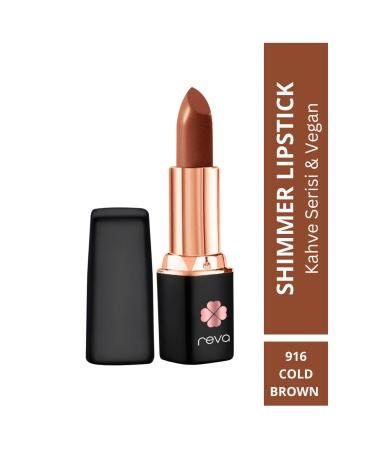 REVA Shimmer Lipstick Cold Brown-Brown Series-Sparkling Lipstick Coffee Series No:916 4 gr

---

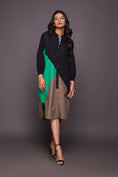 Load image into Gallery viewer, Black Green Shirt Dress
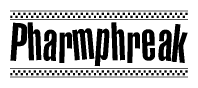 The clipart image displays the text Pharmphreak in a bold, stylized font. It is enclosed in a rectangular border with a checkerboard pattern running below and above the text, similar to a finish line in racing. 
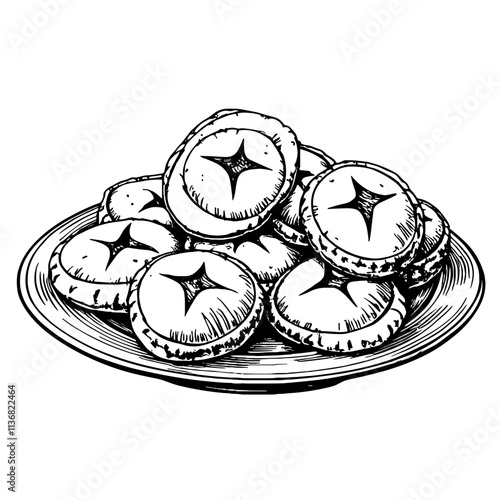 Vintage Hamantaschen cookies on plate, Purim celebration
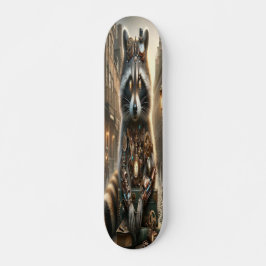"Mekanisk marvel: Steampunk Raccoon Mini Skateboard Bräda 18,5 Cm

...

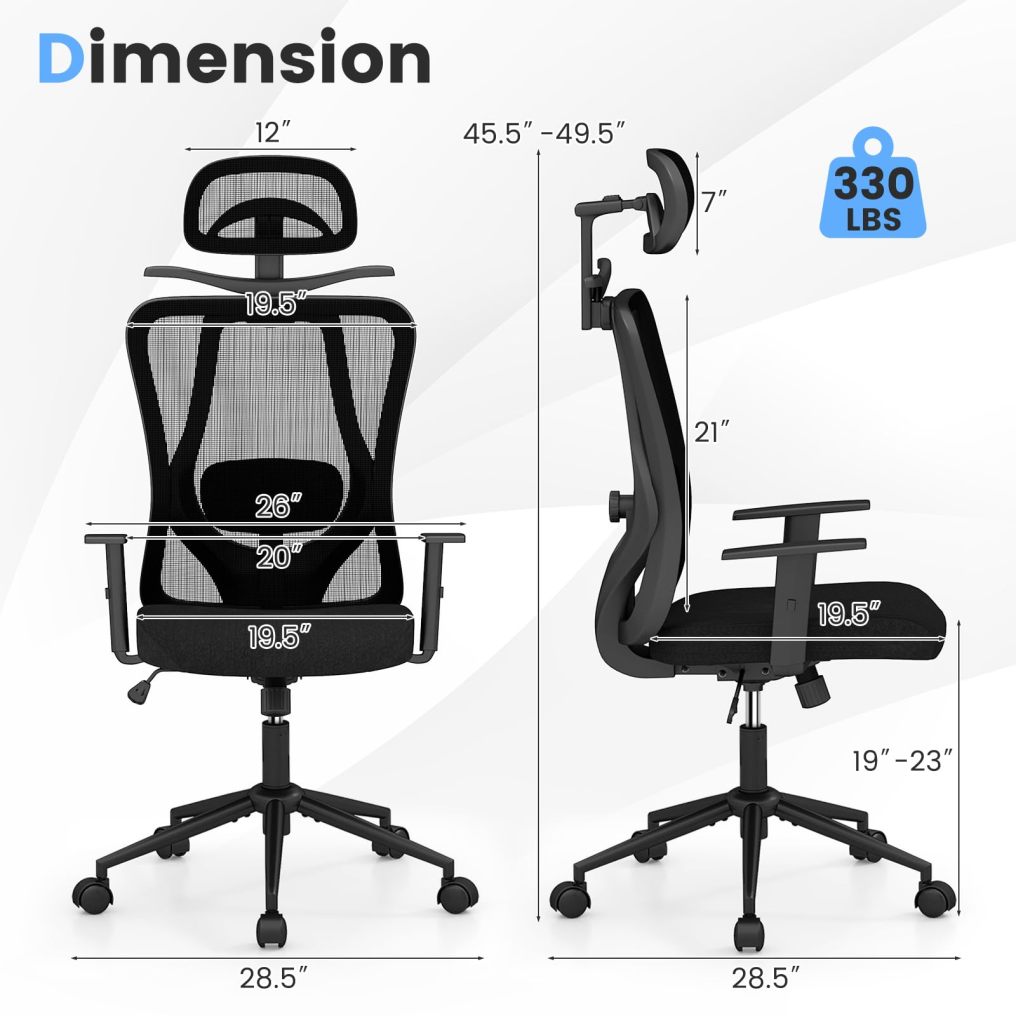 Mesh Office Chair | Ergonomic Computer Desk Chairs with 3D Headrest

What you have to do - With the pictures omitted, copy exactly the lines of the listing above starting at the line containing "The clipart image" and ending at the line containing "Bräda 18,5 Cm", both included.

Exercise result -
 The clipart image displays the text Pharmphreak in a bold, stylized font. It is enclosed in a rectangular border with a checkerboard pattern running below and above the text, similar to a finish line in racing. 
 Vintage Hamantaschen cookies on plate, Purim celebration
"Mekanisk marvel: Steampunk Raccoon Mini Skateboard Bräda 18,5 Cm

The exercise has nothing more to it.